Recall that the slope of a function at a given point is the derivative of the function at that point.

Evaluate the value of the function and slope at the points $0,\frac{\pi }{2}\text{ and }\pi$ .

At the point $z=0$ ,

Substitute $z=0$ to evaluate the value of the function $c\left(z\right)=e^{-z}\sin \left(z\right)$ ,

  $\begin{array}{c}c\left(0\right)=e^{-0}\sin \left(0\right)\\ =0\end{array}$

Substitute $z=0$ in $c\text{'}\left(z\right)=e^{-z}\left(\cos z-\sin z\right)$ to evaluate the slope of the function $c\left(z\right)=e^{-z}\sin \left(z\right)$ ,

  $\begin{array}{c}c\text{'}\left(0\right)=e^{-\left(0\right)}\left(\cos \left(0\right)-\sin \left(0\right)\right)\\ =1\end{array}$

At the point $z=\frac{\pi }{2}$ ,

Substitute $z=\frac{\pi }{2}$ to evaluate the value of the function $c\left(z\right)=e^{-z}\sin \left(z\right)$ ,

  $\begin{array}{c}c\left(\frac{\pi }{2}\right)=e^{-\left(\frac{\pi }{2}\right)}\sin \left(\frac{\pi }{2}\right)\\ =e^{-\left(\frac{\pi }{2}\right)}\cdot 1\\ =e^{-\left(\frac{\pi }{2}\right)}\end{array}$

Substitute $z=\frac{\pi }{2}$ in $c\text{'}\left(z\right)=e^{-z}\left(\cos z-\sin z\right)$ to evaluate the slope of the function $c\left(z\right)=e^{-z}\sin \left(z\right)$ ,

  $\begin{array}{c}c\text{'}\left(\frac{\pi }{2}\right)=e^{-\left(\frac{\pi }{2}\right)}\left(\cos \left(\frac{\pi }{2}\right)-\sin \left(\frac{\pi }{2}\right)\right)\\ =e^{-\left(\frac{\pi }{2}\right)}\left(0-1\right)\\ =-e^{-\left(\frac{\pi }{2}\right)}\end{array}$

At the point $z=\pi$ ,

Substitute $z=\pi$ to evaluate the value of the function $c\left(z\right)=e^{-z}\sin \left(z\right)$ ,

  $\begin{array}{c}c\left(\pi \right)=e^{-\left(\pi \right)}\sin \left(\left(\pi \right)\right)\\ =e^{-\left(\pi \right)}\cdot 0\\ =0\end{array}$

Substitute $z=\pi$ in $c\text{'}\left(z\right)=e^{-z}\left(\cos z-\sin z\right)$ to evaluate the slope of the function $b\left(y\right)=y^2+3\cos \left(y\right)$ ,

  $\begin{array}{c}c\text{'}\left(\pi \right)=e^{-\left(\pi \right)}\left(\cos \left(\pi \right)-\sin \left(\pi \right)\right)\\ =e^{-\left(\pi \right)}\left(-1-0\right)\\ =-e^{-\left(\pi \right)}\end{array}$

The graph of the function is provided below,

  

The behavior of the function is interpreted as, the functionfirst increases reaches the maximum at $z=\frac{\pi }{2}$ then decreases becomes zero at $z=\pi$ , then becomes negative and again zero at $z=2\pi$ .

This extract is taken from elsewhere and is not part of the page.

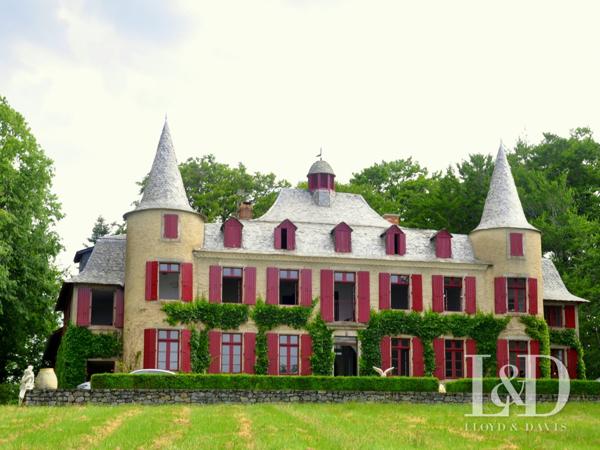 Château du 18ème TARN – Rénovation récente – Calme absolu et vue dégagée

Thus, derivative of the function is $c\text{'}\left(z\right)=e^{-z}\left(\cos z-\sin z\right)$, value and slope of the function at the points $0,\frac{\pi }{2}\text{ and }\pi$ are, $c\left(0\right)=0,c\text{'}\left(0\right)=1,c\left(\frac{\pi }{2}\right)=e^{-\frac{\pi }{2}},c\text{'}\left(\frac{\pi }{2}\right)=-e^{-\frac{\pi }{2}},c\left(\pi \right)=0\text{ and }c\text{'}\left(\pi \right)=-e^{-\pi }$ .